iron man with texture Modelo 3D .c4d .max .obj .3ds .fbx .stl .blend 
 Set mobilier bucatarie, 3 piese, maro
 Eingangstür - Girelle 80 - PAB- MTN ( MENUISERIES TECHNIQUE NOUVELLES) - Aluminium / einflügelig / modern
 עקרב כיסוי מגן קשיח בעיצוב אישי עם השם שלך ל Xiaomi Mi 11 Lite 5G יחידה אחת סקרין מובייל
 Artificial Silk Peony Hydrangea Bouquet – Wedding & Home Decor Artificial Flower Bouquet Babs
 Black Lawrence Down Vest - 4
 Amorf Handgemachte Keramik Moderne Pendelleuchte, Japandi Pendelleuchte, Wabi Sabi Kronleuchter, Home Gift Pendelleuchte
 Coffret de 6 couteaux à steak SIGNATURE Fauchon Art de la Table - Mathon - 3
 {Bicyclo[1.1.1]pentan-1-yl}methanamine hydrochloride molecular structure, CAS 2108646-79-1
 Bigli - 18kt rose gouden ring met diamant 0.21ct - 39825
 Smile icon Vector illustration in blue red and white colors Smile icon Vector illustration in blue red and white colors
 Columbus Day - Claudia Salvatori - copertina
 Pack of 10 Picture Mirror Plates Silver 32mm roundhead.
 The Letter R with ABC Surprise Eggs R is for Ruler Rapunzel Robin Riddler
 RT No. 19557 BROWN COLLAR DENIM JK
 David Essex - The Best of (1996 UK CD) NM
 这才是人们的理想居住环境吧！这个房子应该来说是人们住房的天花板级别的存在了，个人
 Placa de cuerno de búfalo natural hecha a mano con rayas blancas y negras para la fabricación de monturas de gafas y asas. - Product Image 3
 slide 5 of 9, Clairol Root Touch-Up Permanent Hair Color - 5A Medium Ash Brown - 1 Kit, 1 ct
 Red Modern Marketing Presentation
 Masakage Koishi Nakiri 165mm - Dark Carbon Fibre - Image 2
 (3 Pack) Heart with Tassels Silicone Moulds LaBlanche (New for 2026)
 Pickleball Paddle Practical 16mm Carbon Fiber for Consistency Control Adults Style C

-*-

- Activity -
The word to look for is "Home"; copy out every line of the entries that holds it.

- Exercise output -
 Artificial Silk Peony Hydrangea Bouquet – Wedding & Home Decor Artificial Flower Bouquet Babs
 Amorf Handgemachte Keramik Moderne Pendelleuchte, Japandi Pendelleuchte, Wabi Sabi Kronleuchter, Home Gift Pendelleuchte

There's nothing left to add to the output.